-- WHAT THE EXERCISE ASKS --
Beginning with the line that has "Fuluku 1 Din", write out each line down to the end of the records below exactly, and include no pictures.

-- RECORDS SHOWN --

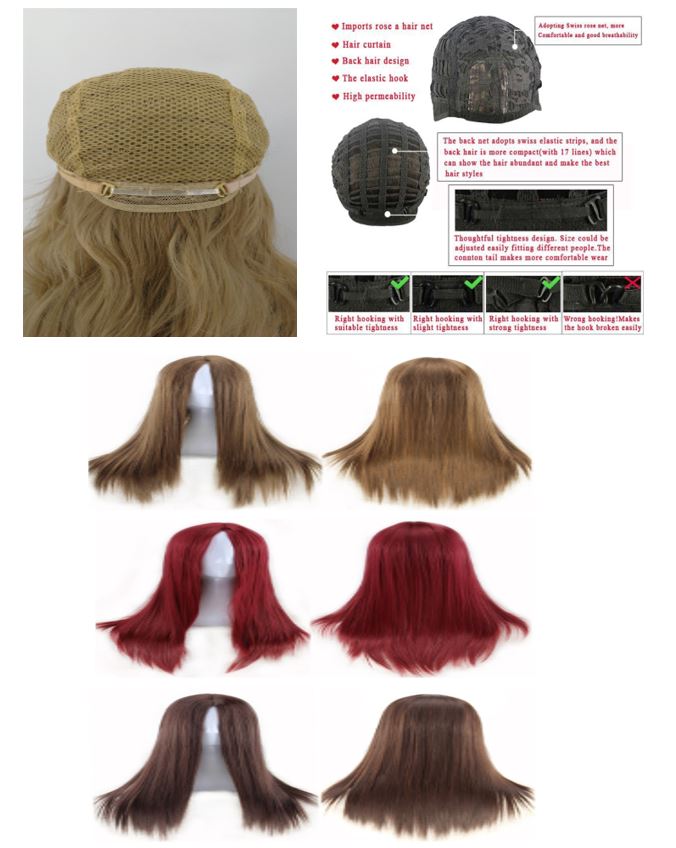 Images of how to properly wear a wig. 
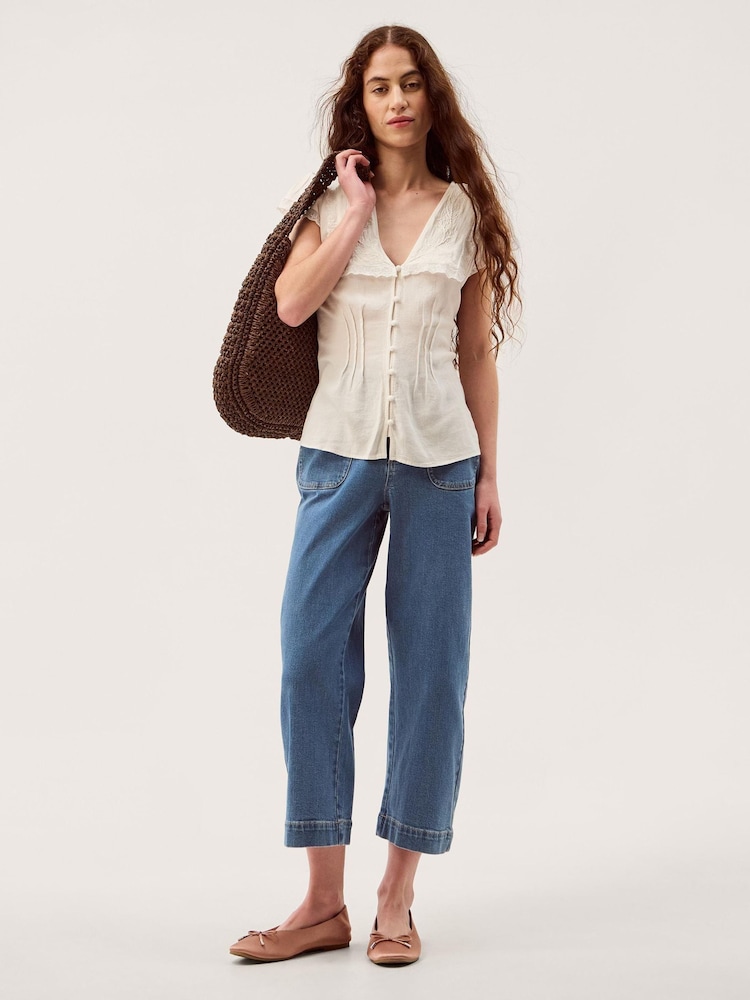 Monsoon Cream Frannie Square Collar Linen Blend Top - Image 1 of 5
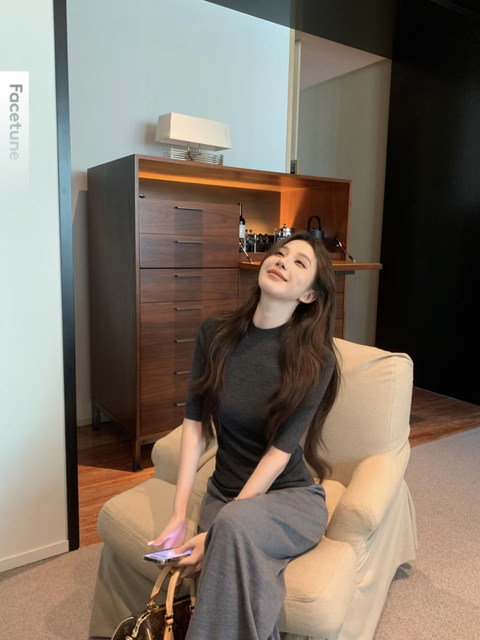 Popw LAOSHU Old Money Style Yangzi Wool Yarn Skin-Friendly Half-Sleeve Half-Turtleneck Solid Color Base Shirt T-Shirt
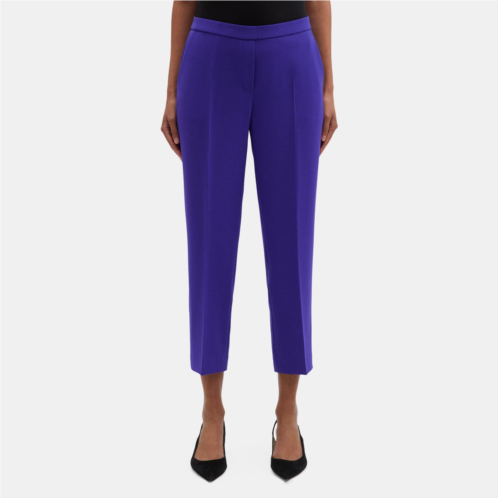 Theory Slim Cropped Pull-On Pant in Crepe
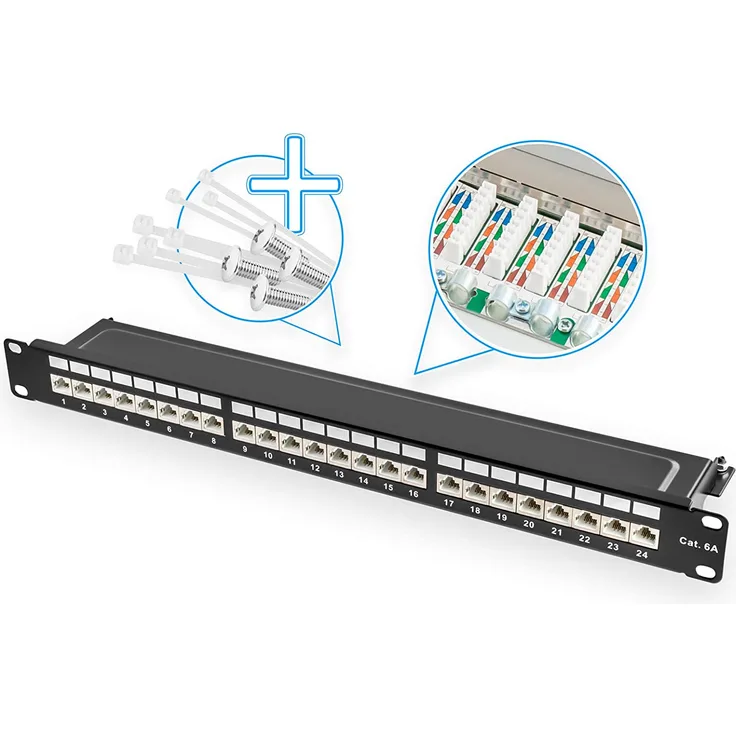 1HE-Patchpanel 24 Port 19'' CAT.6a - SCHWARZ (Art.N.: 75069)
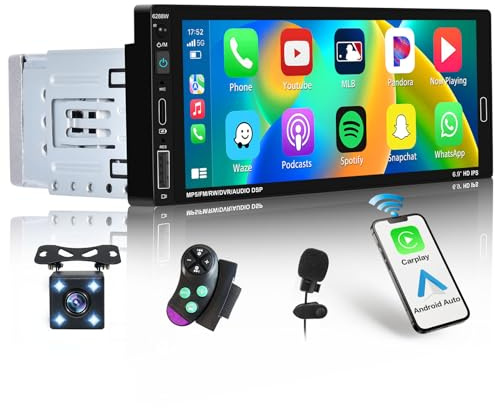 Fuluku 1 Din Autoradio avec 6.9 HD Ecran Tactile sans Fil Carplay | 1 Din Radio avec sans Fil Carplay Android Auto Bluetooth/FM/SWC/EQ/Mirror Link/Caméra de Recul/MIC/Type-C & Port USB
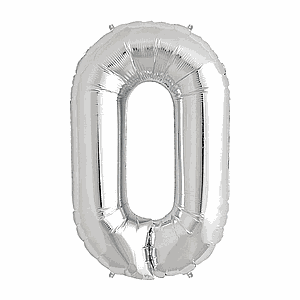 GLOBO GLAM NUMERO 0 PLATEADO METALIZADO 81CMS. 1UNID.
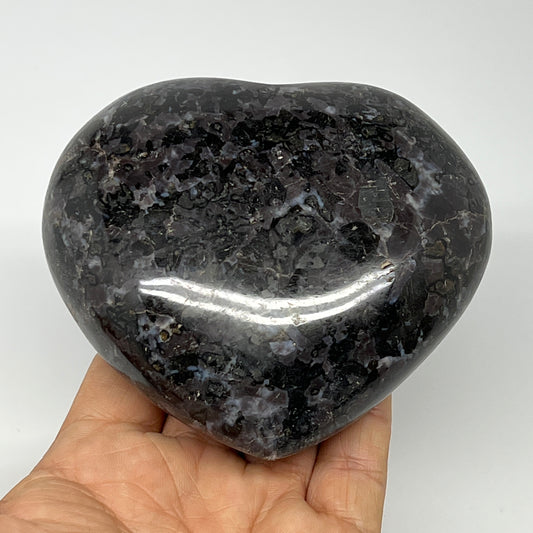 595g,3.5"x3.9"x1.7" Indigo Gabro Merlinite Heart Gemstone @Madagascar,B19928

-- TASK SOLUTION --
 Fuluku 1 Din Autoradio avec 6.9 HD Ecran Tactile sans Fil Carplay | 1 Din Radio avec sans Fil Carplay Android Auto Bluetooth/FM/SWC/EQ/Mirror Link/Caméra de Recul/MIC/Type-C & Port USB
 GLOBO GLAM NUMERO 0 PLATEADO METALIZADO 81CMS. 1UNID.
 595g,3.5"x3.9"x1.7" Indigo Gabro Merlinite Heart Gemstone @Madagascar,B19928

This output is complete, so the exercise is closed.